Noch am Vortag hatte die Präsidentin, die nach Vorwürfen von Wahlmanipulation und der Verwicklung ihrer Familie in illegale Glückspielsyndikate weiterhin einen Rücktritt ablehnt, das Kabinett ihrerseits zum Amtsverzicht aufgefordert: Sie wolle „freie Hand für wirtschaftliche und politische Reformen“ haben.

Der Druck auf die Präsidentin hatte sich verschärft, seitdem sie knapp zwei Wochen öffentlich zugegeben musste, nach Schließung der Wahllokale im Mai 2004 mit einem als käuflich geltendem Mitglied der Wahlkommission telefoniert zu haben. Zuvor war ein Telefonmitschnitt veröffentlicht worden, in dem eine Arroyo-ähnliche Frauenstimme fragt, ob ihr Vorsprung unter eine Million Wählerstimmen fallen könnte.

Gestern wurden Militär und Polizei in Alarmbereitschaft versetzt. Stabschef General Efren Abu rief das Militär jedoch auch auf, sich aus der Krise herauszuhalten. Zugleich erklärte er, die Armee werde friedliche Demonstrationen nicht stoppen. Seit Monaten halten sich vom Militär dementierte Gerüchte, Exoffiziere planten einen Putsch gegen Arroyo. Sicherheitsanalysten beobachten indes eine Spaltung innerhalb des Militärapparats: Während ranghöhere Vertreter den Status quo beibehalten wollten, drängten über Korruption und schlechte Ausstattung klagende jüngere Offiziere auf einen politischen Wechsel. Doch gerade diese Spaltung in den eigenen Reihen hält die Armee offenbar davon ab, sich aktiv einzuschalten.

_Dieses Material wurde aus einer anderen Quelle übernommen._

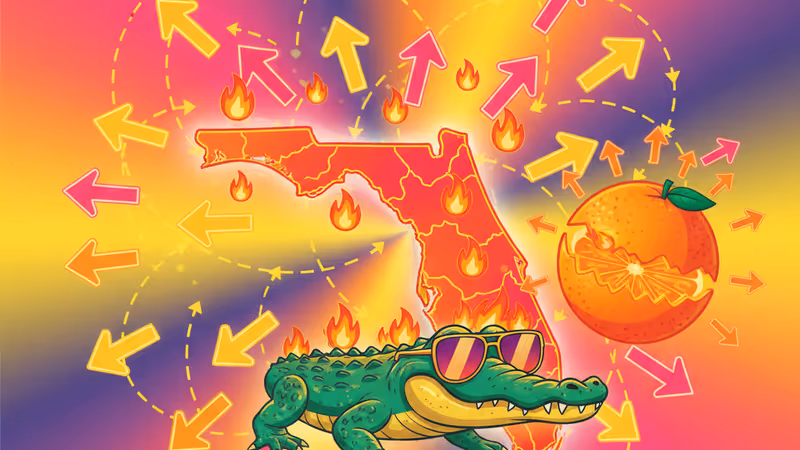 플로리다에 대한 8가지 오해: '플로리다 맨'과 악어, 진실은?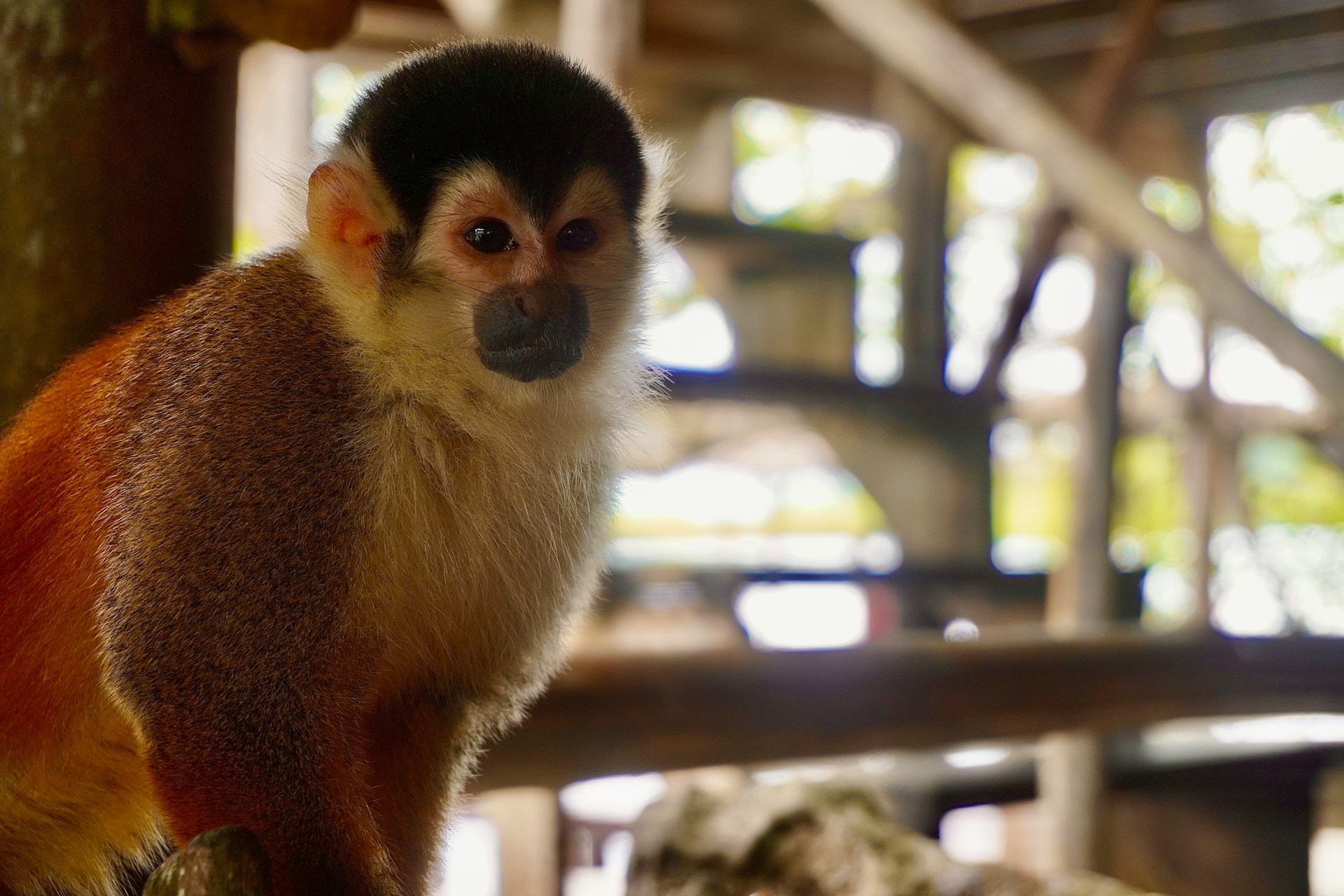 Monkey sitting on a tree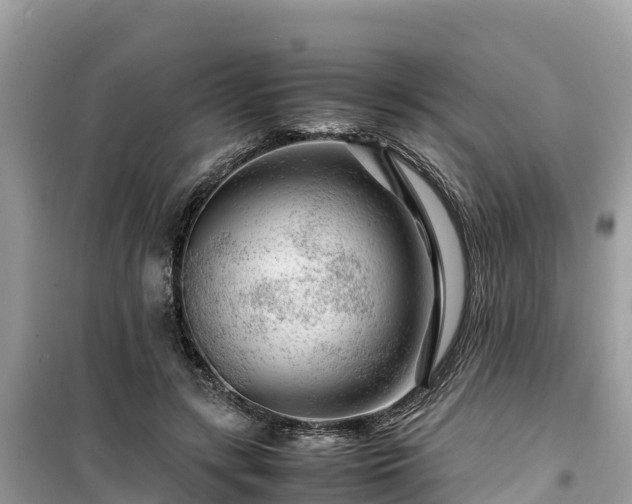 X0000099510547200805221424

Eine Umfrage zufolge fordern über 60 Prozent der Befragten Arroyos Rücktritt, doch bislang bleiben öffentliche Proteste relativ klein im Vergleich zu den Massendemonstrationen von 1986 und 2001, die den Diktator Ferdinand Marcos und Arroyos Vorgänger Joseph Estrada stürzten. Doch auch innerhalb der politischen und wirtschaftlichen Elite verliert Arroyo zunehmend an Rückhalt. Die bisher mit ihr verbündete Liberale Partei schloss sich den Rücktrittsforderungen ebenso an wie die als immer noch einflussreich geltende Expräsidentin Corazon Aquino. Der mächtige „Makati Business Club“ der Hauptstadt forderte ebenfalls Arroyo zum Amtsverzicht auf. Sollte auch die katholische Bischofskonferenz am Wochenende Arroyo die Unterstützung aufkündigen, dürfte das ihr politisches Ende bedeuten.